Per usare ancora le parole di Ghezzi, il cinema di Von Trier è un cinema “già alluvionato”: piove spesso e anche quando non piove tutto sembra che sia già stato ri-bagnato e ri-inumidito dal mezzo filmico. Così anche La Casa di Jack non può che essere un film fradicio, in cui l’acqua arriva persino come benedizione dal cielo a lavare via le tracce di sangue. Ed è l’acqua che i due protagonisti devono attraversare, bagnandosi ed inzuppandosi, nella loro catabasi finale. Per l’epilogo “acquatico” il regista ricompone La barca di Dante di Eugène Delacroix che naviga l’Acheronte, vestendo Matt Dillon con una tunica rossa che dovrebbe ricordare il sommo poeta ma che lo fa assomigliare più a Vincent Price ne La maschera della morte rossa di Roger Corman.

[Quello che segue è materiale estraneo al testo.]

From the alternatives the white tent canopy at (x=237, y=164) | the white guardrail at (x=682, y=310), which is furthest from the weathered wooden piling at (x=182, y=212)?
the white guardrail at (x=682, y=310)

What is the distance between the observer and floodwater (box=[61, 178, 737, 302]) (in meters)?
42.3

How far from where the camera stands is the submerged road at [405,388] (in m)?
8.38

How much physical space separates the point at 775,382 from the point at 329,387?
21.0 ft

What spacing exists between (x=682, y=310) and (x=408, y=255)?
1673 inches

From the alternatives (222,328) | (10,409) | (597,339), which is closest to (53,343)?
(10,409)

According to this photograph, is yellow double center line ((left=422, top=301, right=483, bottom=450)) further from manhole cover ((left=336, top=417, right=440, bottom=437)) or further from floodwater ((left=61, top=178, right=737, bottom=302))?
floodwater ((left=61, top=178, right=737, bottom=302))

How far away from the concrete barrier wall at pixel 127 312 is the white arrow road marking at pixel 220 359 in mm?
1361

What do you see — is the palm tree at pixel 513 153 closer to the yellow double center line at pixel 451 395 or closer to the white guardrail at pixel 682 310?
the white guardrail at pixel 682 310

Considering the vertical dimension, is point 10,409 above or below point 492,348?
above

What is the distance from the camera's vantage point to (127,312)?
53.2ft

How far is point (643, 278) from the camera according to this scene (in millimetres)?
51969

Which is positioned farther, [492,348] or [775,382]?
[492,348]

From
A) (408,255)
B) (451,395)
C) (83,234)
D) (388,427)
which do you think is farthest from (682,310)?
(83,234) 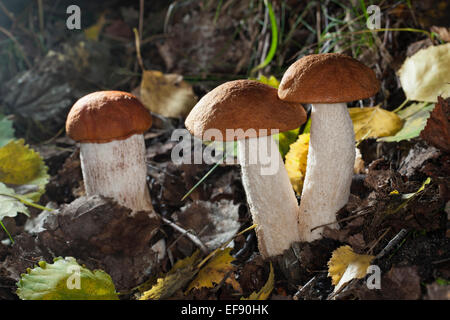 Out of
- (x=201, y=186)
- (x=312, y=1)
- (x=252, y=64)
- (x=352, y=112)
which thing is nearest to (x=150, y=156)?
(x=201, y=186)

Sui lunghissimi 155 minuti di film, Von Trier sembra però cogliere l’essenza dello “snuff movie” in una sola scena, quando un giovanissimo Jack taglia la zampa ad un anatroccolo, lo riposiziona nello stagno da cui lo aveva preso e lo osserva mentre cerca di nuotare a fatica nel suo stesso sangue. È una sequenza che da sola ci dice tutto ciò che c’è da dire sul senso di questi film: il piacere non deriva dal compimento dell’atto violento, ma dal voyeurismo che questo induce. Lo spettatore, come Jack, prova piacere e sgomento nello scandagliare con lo sguardo il dolore e la sofferenza altrui. Non a caso il fenomeno cinematografico clandestino dello “snuff movie” nasce inizialmente come reazione alla diffusione pubblica dei primi filmati di torture perpetrate dalle milizie serbo-bosniache e diviene fenomeno di massa agli inizi del 2000, quando la somministrazione giornaliera di video atroci si fa regolare durante la guerra in Afghanistan. È quindi un genere che nasce prima di tutto come reazione dello spettatore davanti alla violenza.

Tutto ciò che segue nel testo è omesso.